* **Listed records**:
_ _ _ _

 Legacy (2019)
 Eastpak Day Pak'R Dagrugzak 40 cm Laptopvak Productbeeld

_ _ _ _

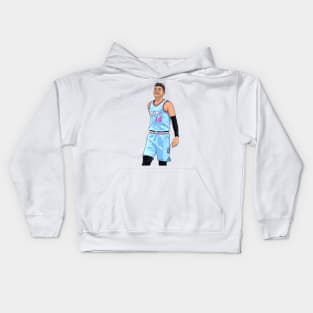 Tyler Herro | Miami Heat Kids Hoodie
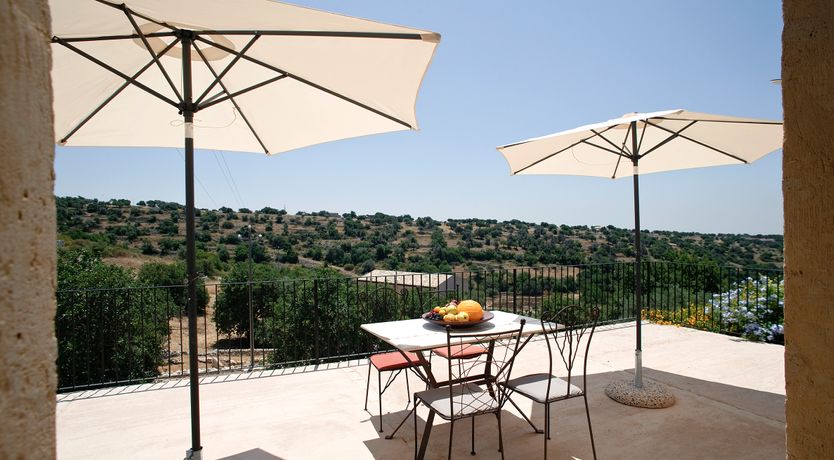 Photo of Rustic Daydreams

_ _ _ _

* **What this task involves**:
Proceeding from the line containing "Legacy (2019)" through the line containing "Eastpak Day Pak'R", transcribe the lines above exactly, both end lines included.

* **Reply to the task**:
 Legacy (2019)
 Eastpak Day Pak'R Dagrugzak 40 cm Laptopvak Productbeeld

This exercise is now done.